I’ll keep in mind further reporting…
My brain appears to be highly sensitive in many different ways. I don’t have a formal diagnosis of anything or receive any medical help, so I work things out myself by trials and errors. I’m aware of Jarred Younger PhD and some of the other studies into neuro inflammation.
My main issue is with food sensitivities and that makes life fairly complicated. However, I’ve cobbled together my own version of an anti inflammatory diet and have focused on other changes to hopefully reduce inflammation, like sleep, circadian rhythm, lessening my sympathetic nervous system dominance & trying to enhance my parasympathetic nervous system response and so on. Whatever I’m doing, something is working.
I can still easily fire up my brain, so this is an ongoing project, I focus on daily. This aspect of my brain’s irregularities specifically started after I had a high temp 41°c, for probably weeks, in 2017. I wonder if I had swine flu? It took me months to make any improvement & I’d just had a bacterial infection & IV antibiitics + two more courses of antibiotics & then I had this very nasty flu. My brain reacted when I started to eat – particularly anything that was processed and high sugar. Also if I irritate my stomach (gastritis) or my gut (IBS), then I’m in big trouble with my brain. It feels like it’s smouldering and I can feel this having a wide ranging effect.
It’s been nearly four years, so the passing of time may have helped but I can still trigger it now. (I’d add that my persistent lack of energy did not seem to be necessarily linked directly to this. That’s another issue for me.)
After taking 100mg of oxaloacetate I get a headache. Does anyone else find this?
Why is time and money being wasted on studies using any definition other than CCC or ICC??? All other definitions will include patients who don’t actually have ME/CFS and will dilute the findings of patients with actual ME/CFS.

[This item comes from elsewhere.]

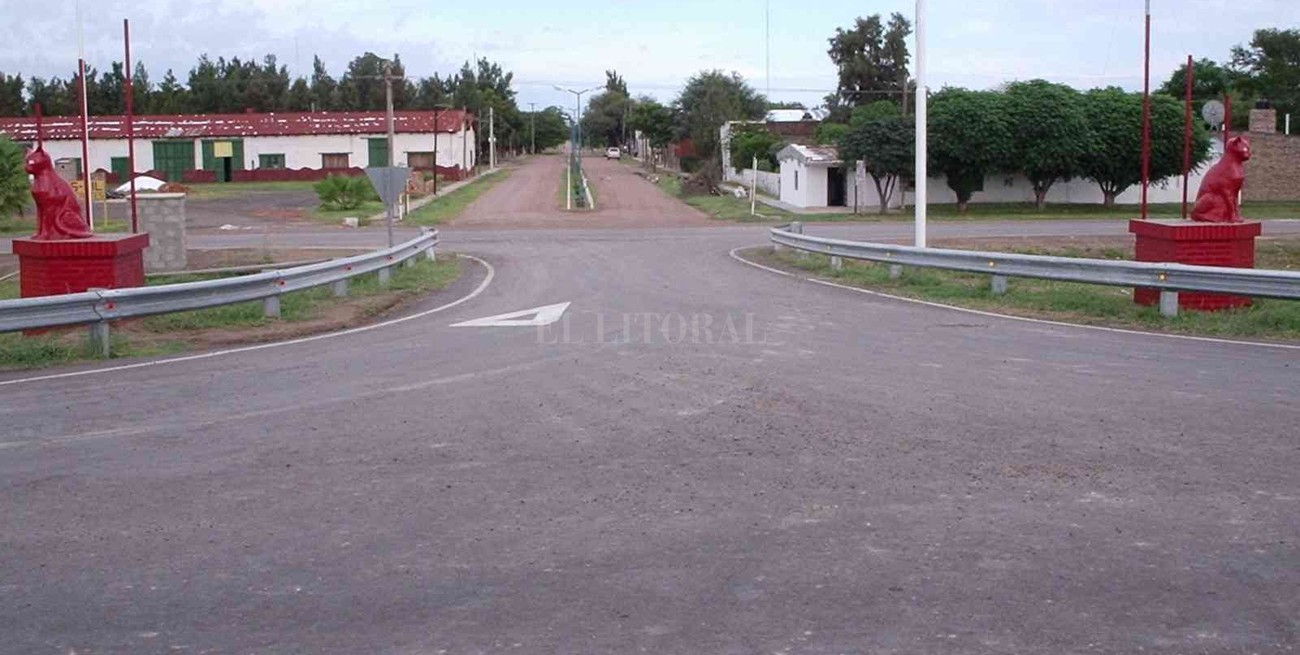 Insólito: Gato Colorado lleva un año sin tener agua potable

I don’t understand why researchers are still using other definitions. There is already a severe lack of funding for research into ME/CFS…why waste those precious dollars on studying a group of patients who may not have the actual disease being studied. This is so obvious that I can’t understand why any researcher would do that.
One of the ME/CFS organisations should contact the researchers in the field and advocate for the use of a strict definition that increases the likelihood that the subjects in the study group actually have ME/CFS!!!

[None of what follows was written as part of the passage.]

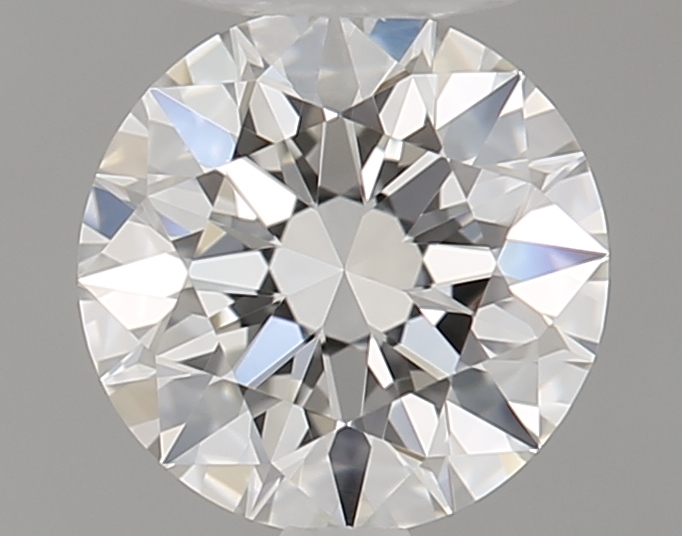 0.50克拉 G色 VVS1級 天然圓形鑽石 | GIA6521556451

I’d be interested to hear what results they found for their neuroinflammation autism study, i recently heard of (new) research finding roughly 80% of ME patients to be autistic (something I found out about myself just over a year ago – after 18 years of ME – I’m autistic, with ADHD and PDA additionally. My assessor told me that in the majority of the late stage assessments for autism she did, most of them have ME, so I think there is truth in this. Will be interested to see more research on both these topics.

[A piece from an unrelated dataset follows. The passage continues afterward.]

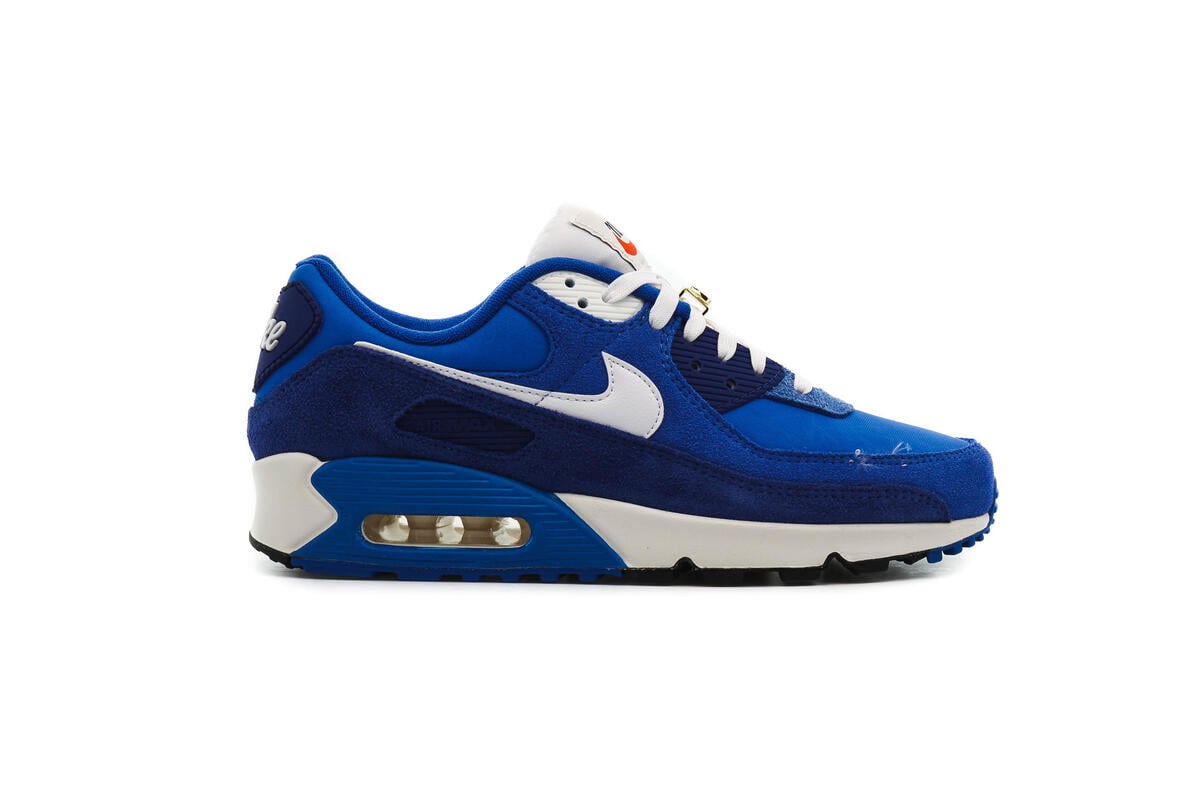 Nike AIR MAX 90 SE | DB0636-400 | AFEW STORE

Talulah, I am very curious about this. Can you provide some links to this research? Thank you!
I started ME/CFS at 24, diagnosed ASD at 68. Would be very interested in this idea.
I offered myself to participate in this dutch research. I explained my symptoms. I definitely fit in the ICC ME category, looking back that is. But the researcher could not include me because I did not fit the criteria. I said to have extreme fatigue with decline in bloodflow to brain when standing. Because of later I was not included in research. I think they only selected pure on Fatigue. They do not have a clue on what me/cfs is about.
The Dutch study uses a old method on a very small number of patients without taking into account the severity and stage of their disease. Therefore I think nothing can be concluded from it. Too bad for the energy and money lost and also for us…
I started ME/CFS at 24, diagnosed ASD at 68. Would be very interested in this idea.